Validity in research

Validity in scientific research is arguably one of the most important properties of measurement as every aspect of research design can impact the validity of the research. Cook and Campbell (1979) defined it as “the best available approximation to the truth or falsity of propositions” (p. 37).  The Standards for Educational and Psychological Testing (Standards), a joint product of the AERA, APA, and NCME standards describe it as “the degree to which evidence and theory support the interpretations of test scores for proposed uses of tests.” (p. 11). Let’s unpack this.
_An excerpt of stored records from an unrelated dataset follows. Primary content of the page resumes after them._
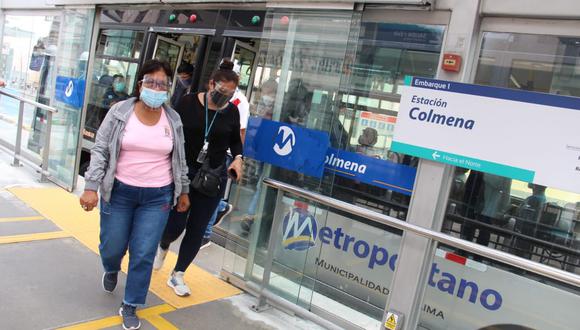 Metropolitano: El 75% de los buses dejarían de funcionar, debido a paro anunciado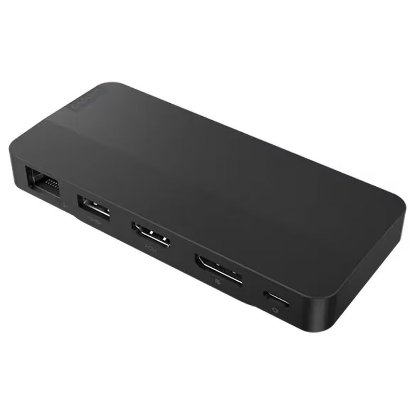Docking station LENOVO Dual Display Travel Dock USB-C, 40B90000WW
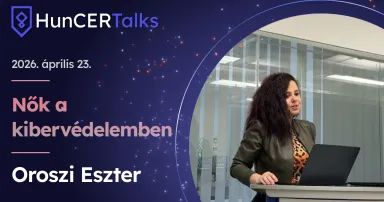 Nők a kibervédelemben - Oroszi Eszter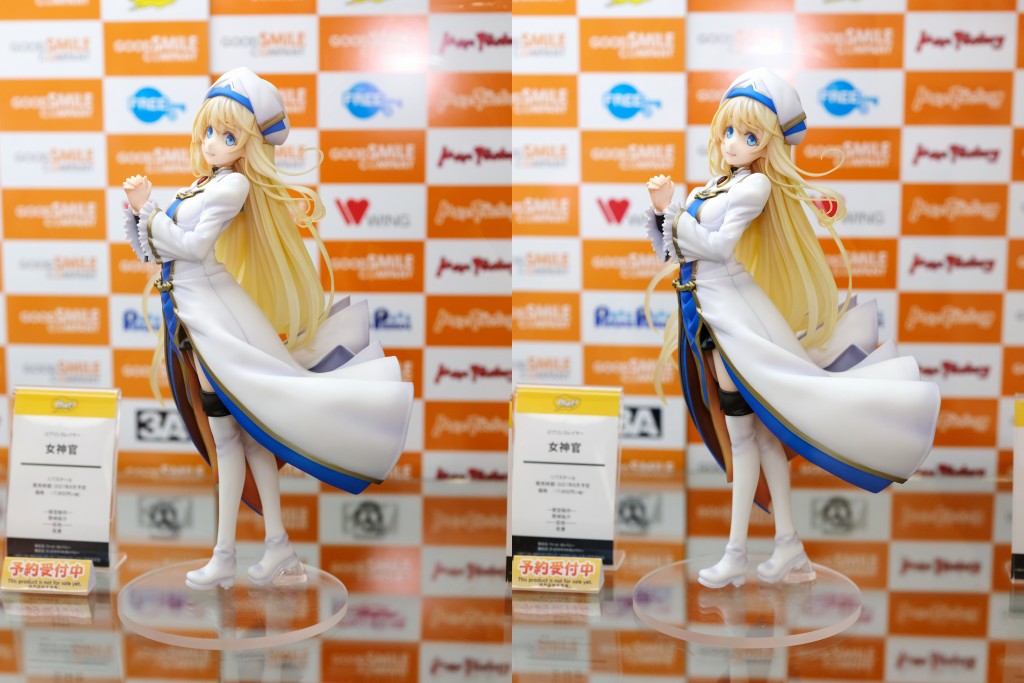 Phat ゴブリンスレイヤー 女神官 フィギュア立体視ブログ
As discussed earlier, the research method include designing the research, making decisions about the way the data will be collected, and analyzing the data. This means that the researcher also needs to know the logic behind the selection of a particular method for their research. The logic justifies the choice of methods to make valid inferences.
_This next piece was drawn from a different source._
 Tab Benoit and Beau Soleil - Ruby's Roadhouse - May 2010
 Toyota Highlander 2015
In social science research, we generally deal with constructs. Constructs are abstract, unmeasured aspects of people, events, things, or mental states that can’t be directly observed or manipulated. For example, overcrowding, stress, love, intelligence, aggression, etc. are all abstract concepts. Theory, on the other hand, uses constructs. A theory is a formalized set of constructs that organize observations and inferences and can also predict and explain a phenomenon of interest. Theory, thus, links two or more constructs and specifies the suspected nature of the relationship between these constructs. However, the abstract nature of constructs makes it harder to observe directly. Thus, it needs to be converted into an operational construct through the process of operationalization.

The way we represent and measure an abstract construct for a given research study is called operationalization.
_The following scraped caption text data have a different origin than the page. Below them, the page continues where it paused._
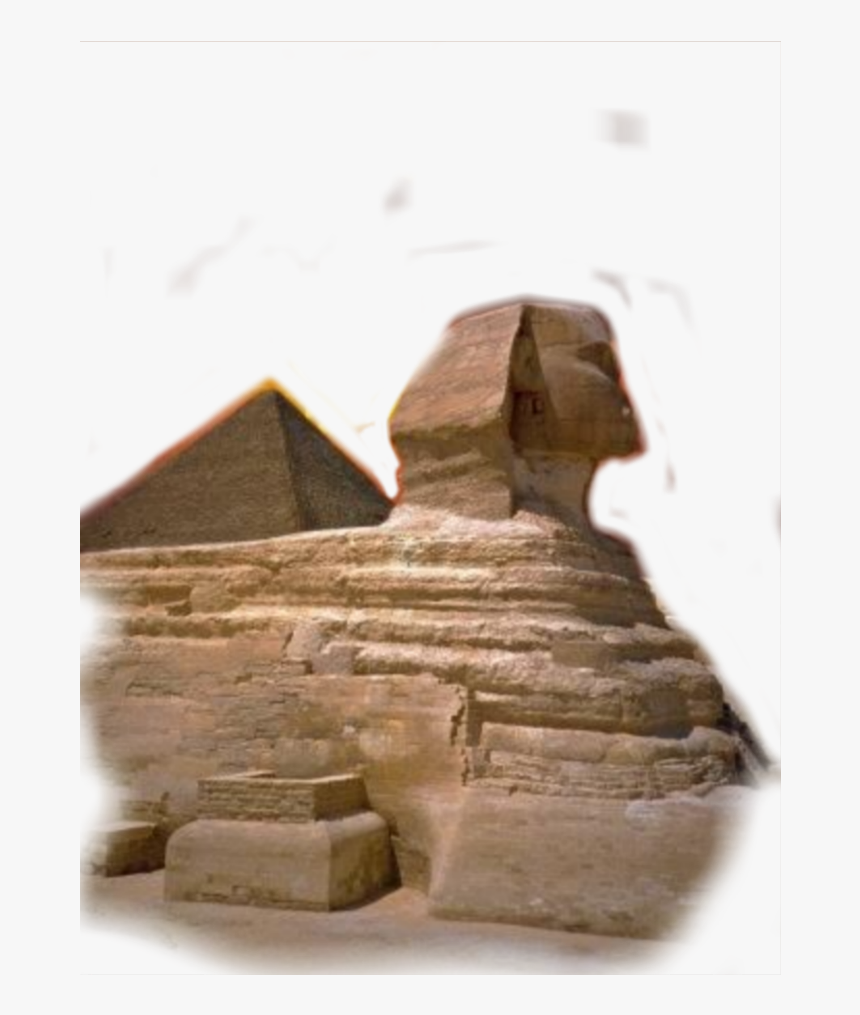 #sphinx #pyramids #egypt - Pyramids And Sphinx Photos Sunrise, HD Png Download, Free Download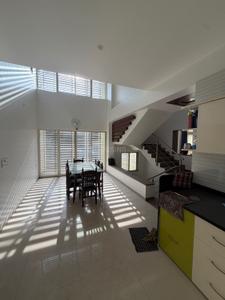 Kitchen Image of 2500 Sq.ft 3 BHK Independent House for rent in Aditya Nisarg Palms, Bavdhan Pune for Rs. 75000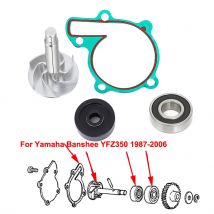 Water Pump Aluminum Billet Impeller Bearing Seal Gasket For Yamaha Banshee 350 YFZ 350 YFZ350 1987-2006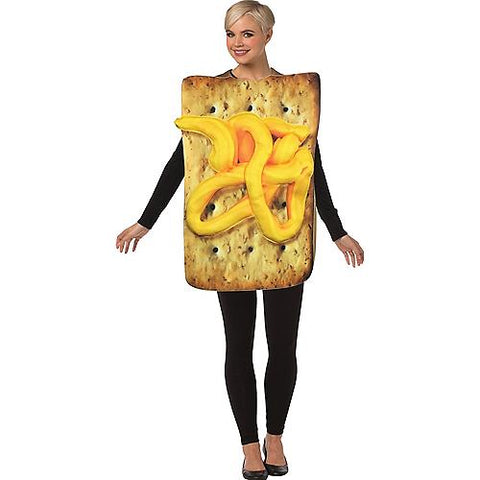 Cracker with Cheezy Cheese Adult Costume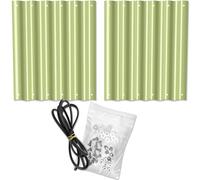 HOFGARTEN ® Kit d’Extension pour Potager surélevé | 2 Panneaux latéraux Droits + Accessoires | Allonge ou élargit Le Potager de 47 cm | Compatible avec Une Hauteur de 42 cm (Sauge)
Here is an example of how the construct of depression is measured or operationalized by the CDC. Operational constructs are the test specifications scales or instruments and other elements of assessment that theoretically represent and empirically measure these theoretical constructs. An instrument or scale is a tool for measuring, observing, or documenting data.

Validity, then, refers to this crucial relationship between the theoretical construct and the operational construct, defined as the extent or degree to which the operational construct measures what it is supposed to measure. Put simply, it is the question that we have to ask ourselves, “Are we measuring what we think we are measuring?” This is crucial to the relevance of any inferences we can make. Thus, validity is a theoretical and empirical concept. We need theoretical evidence to show we are measuring the right construct and empirical evidence to show we have measured the right construct which can then enable us to draw correct inferences.

In a nutshell, measurement validity is asking, “Are we measuring what we think we are measuring?”

This means that establishing the validity argument should integrate various threads of evidence that support the operationalization of theoretical constructs and interpretations of such constructs for the study purpose. Combining evidence to establish validity means that it can be viewed along a continuum from weak to strong.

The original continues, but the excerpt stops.